Bacon is one food you eat and don’t even consider saying that it tastes just like chicken. I know people who claim they don’t enjoy bacon. But that is like not liking salt! Still not convinced? Then take it from Quentin Tarantino via John Travolta (both of them) as Vincent Vega “Yeah but bacon tastes goooood. Pork chops taste goooood.” Well put gentleman, well put. I’m sure the big boys upstairs agree. I know I do.

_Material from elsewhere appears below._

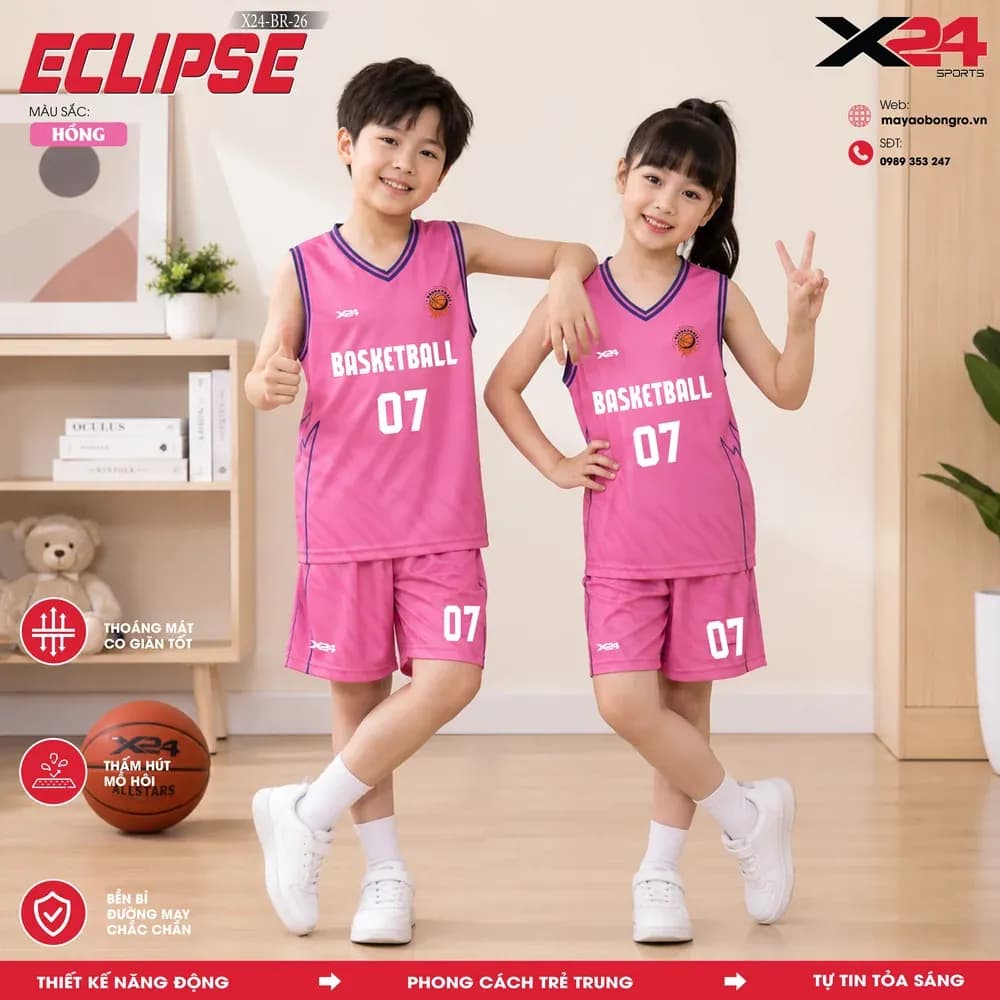 Mẫu áo bóng rổ trẻ em X24-BR-26 Eclipse màu Hồng tại X24 Sport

In recent days I think Jesse and Jonah might be coming around to my way of thinking. Maybe they are not ready to call it a veggie but there is no doubt their love of pigs. Jesse recently wrote an article/blogpost over on Organic To Be .org, entitled
My Son, The Pig Farmer (with Pork Chops and Cherry Port Sauce Recipe). Then the other night at jZ Cool Eatery and Wine Bar, Jesse and Talia’s suggested I try the new pork dish on the menu. I bit into the slow (slow) braised Niman Ranch pork roast topped with a meltingly juicy pork belly and served on a bed of greens. The second (slow), is mine because to say “bit into” is a statement made true only by the bed of hearty summer bitter greens. The pork melts in your mouth, creamy, soft, sweet and savory. There was a time when you would only find piglet bellies in China Town…or China. But I’ve seen it on menu’s with increasing frequency. God bless those pork-loving1.2 billion! In this new dish at the jZ Cool Eatery the greens add a counterpoint in flavor and texture that makes every mouthful something to relish.

Don’t eat pork? Try sushi. The closest sushi comparison is a great cut of toro. Don’t eat sushi or pork? I recommend a Red Delicious apple.